### REQUIRED ACTION
Transcribe the listing underneath, keeping each word exact and omitting the images.

### DATASET CONTENT
Content starts

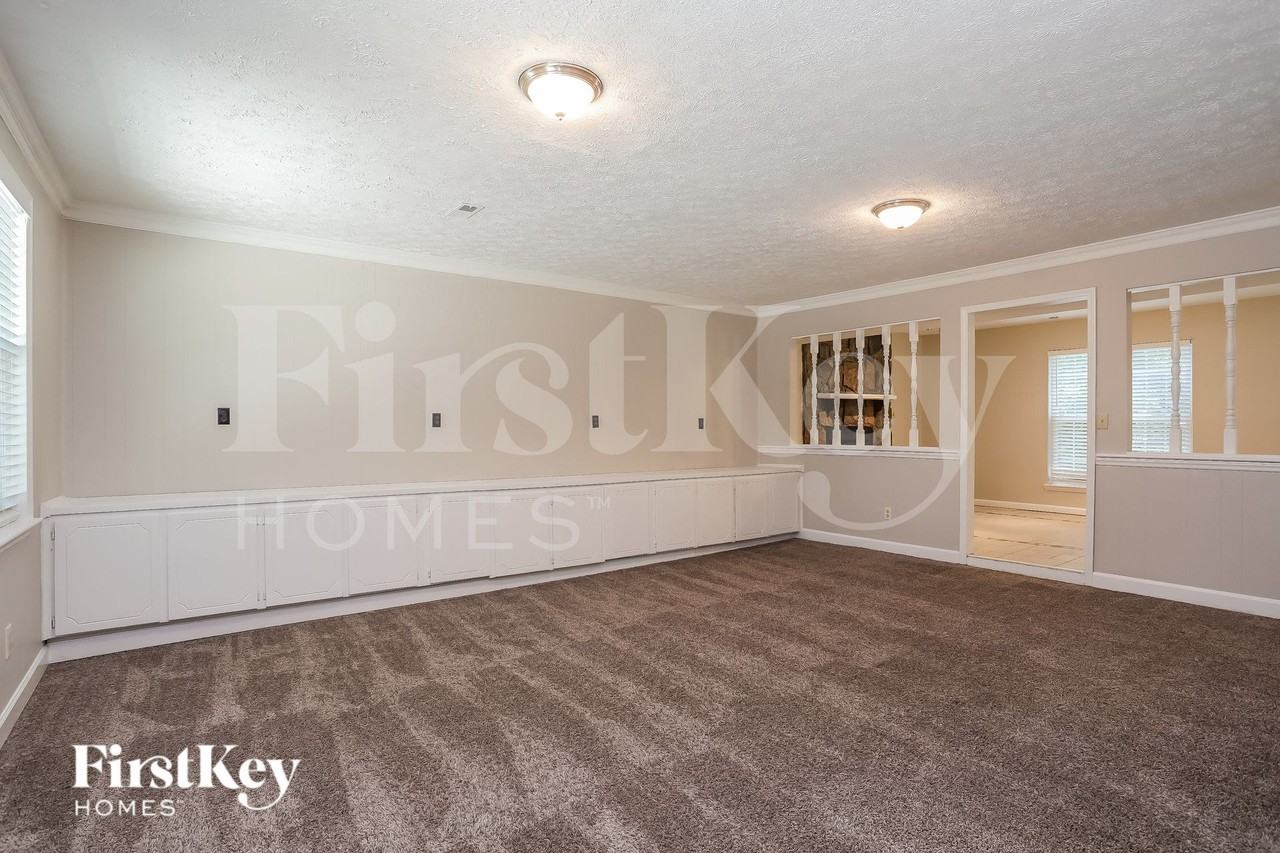 7344 Berkshire Downs Dr - Photo 7 of 15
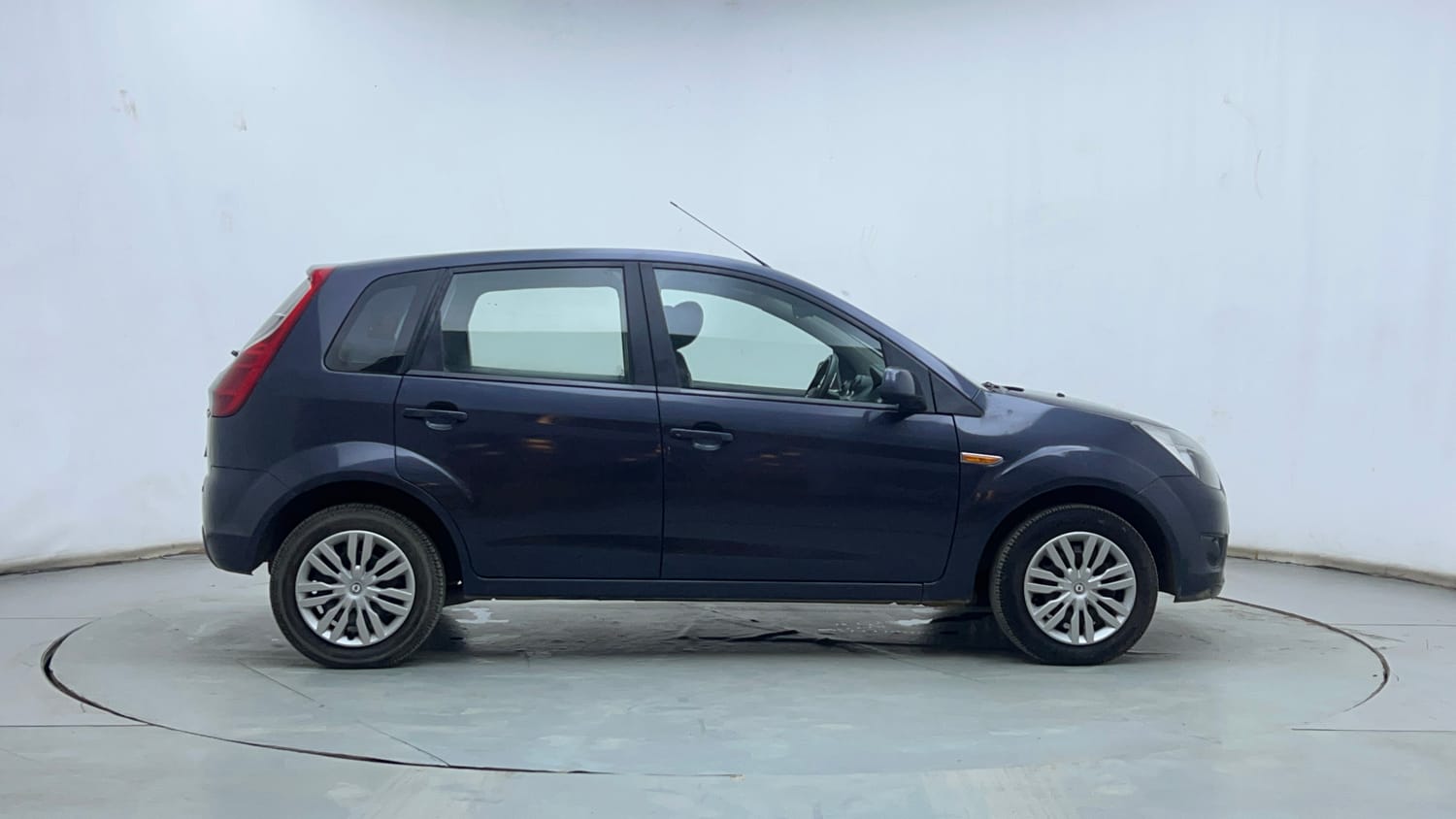 Used 2011 Ford Figo Duratec Petrol Titanium 1.2 Petrol Manual exterior RIGHT SIDE VIEW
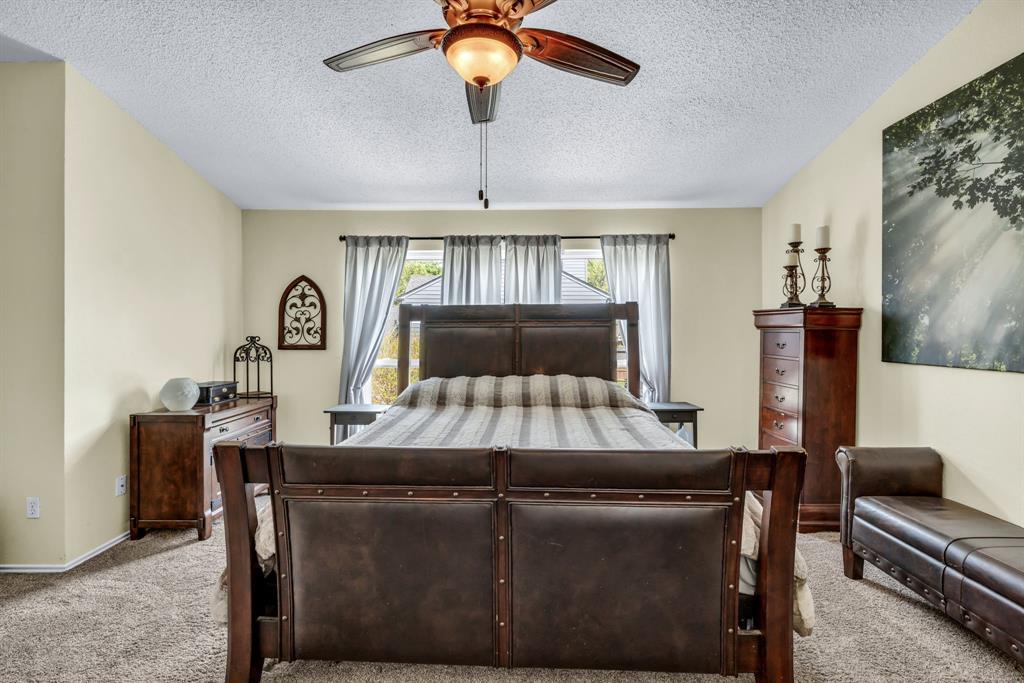 720 Bridget Way Hurst, TX 76054 - Photo 20 of 40 a living room with furniture and flat screen tv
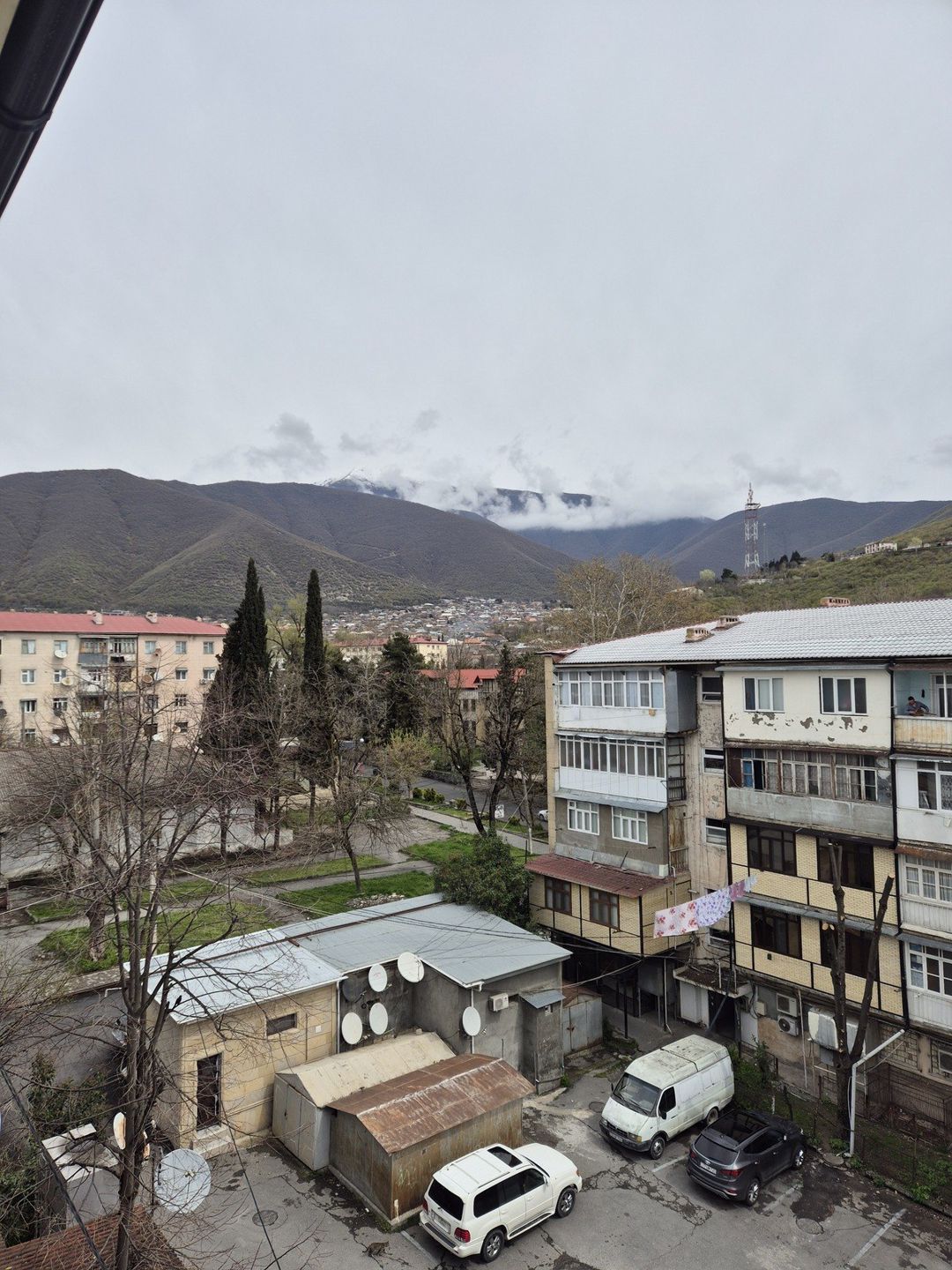 Satılır 2 otaqlı köhnə tikili 41 m² — Mənzil, Şəki (2)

Content ends

### EXERCISE SOLUTION
 7344 Berkshire Downs Dr - Photo 7 of 15
 Used 2011 Ford Figo Duratec Petrol Titanium 1.2 Petrol Manual exterior RIGHT SIDE VIEW
 720 Bridget Way Hurst, TX 76054 - Photo 20 of 40 a living room with furniture and flat screen tv
 Satılır 2 otaqlı köhnə tikili 41 m² — Mənzil, Şəki (2)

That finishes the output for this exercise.